If there was a written record of McBride's feat, it has yet to be found. Baseball people from that era who watched him play speak of his speed in reverent tones. And if he truly did sprint that quickly, a modern-day frame of reference finally exists.
It's Billy Hamilton of the Cincinnati Reds. And if he can remain healthy for any length of time, he'll be a confirmed legend.
Hamilton's shot from home to first in a blazing 3.3 seconds. Now, finally set to be in the majors full-time, the Reds' roadrunner is just beginning to show the full effect his wheels of fire can have on a game. The St Louis Cardinals are believers:
Pure speed won't automatically steal bases. Maury Wills, Lou Brock, and Rickey Henderson were fast. However, Herb Washington, the track star who became Charles O Finley's experiment as a designated runner for the Oakland A's was the fastest. He didn't work out.

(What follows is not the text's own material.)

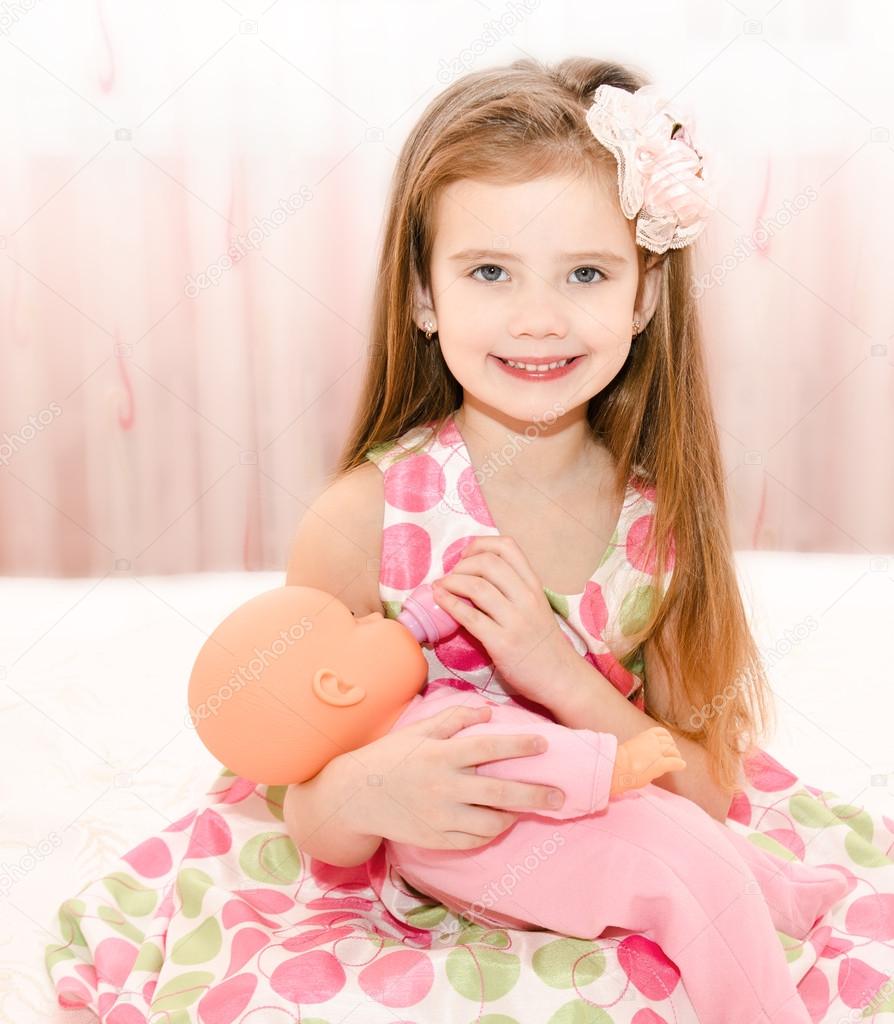 Cute smiling little girl playing with a doll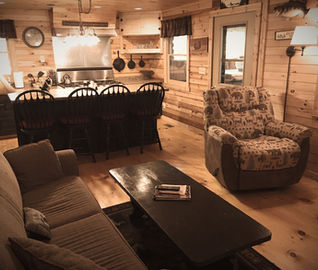 Table/Island, chair, coffee table in the cozy vacation rental on Moose Pond Denmark Maine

Hamilton is at Washington's and -- dare we say it? -- McBride's level. And he's still learning the game. To the Reds' credit, they've brought him up through the system gradually, learning how to read pitches, understand hitter's counts, exercise plate discipline, shorten his swing, and everything else that gets him the hardest 90ft on the basepaths.
Seamheads will be anxiously anticipating Hamilton's WAR (Wins Against Replacement) at season's end. So will Cincinnati. In the photo finish that should be the NL Central this year, the difference of a few games should be huge.
Billy Hamilton could be that difference all by himself.